Information shown Start Marker

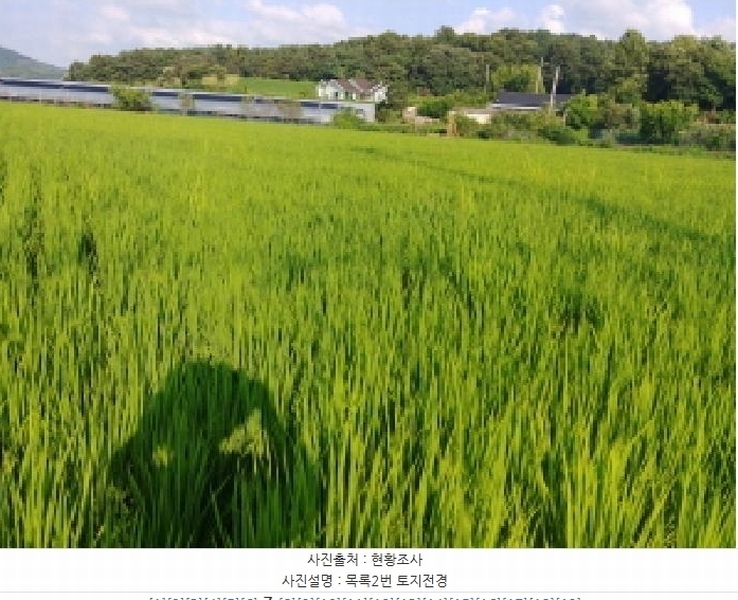 2025타경503034 충청남도 금산군 금성면 양전리 936 농지 경매 이미지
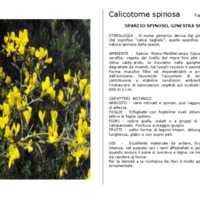 Calicotome_spinosa.pdf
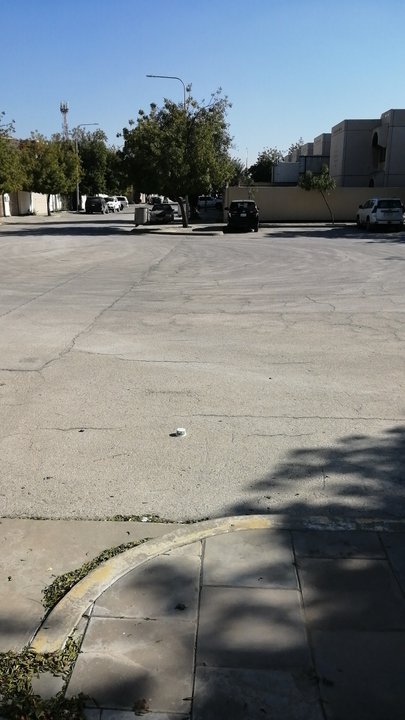 مشاركاتي في أنت الراصد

Information shown End Marker

== How to complete this task ==
Every line of the data should be transcribed exactly. Omit the images.

== Response to the exercise ==
 2025타경503034 충청남도 금산군 금성면 양전리 936 농지 경매 이미지
 Calicotome_spinosa.pdf
 مشاركاتي في أنت الراصد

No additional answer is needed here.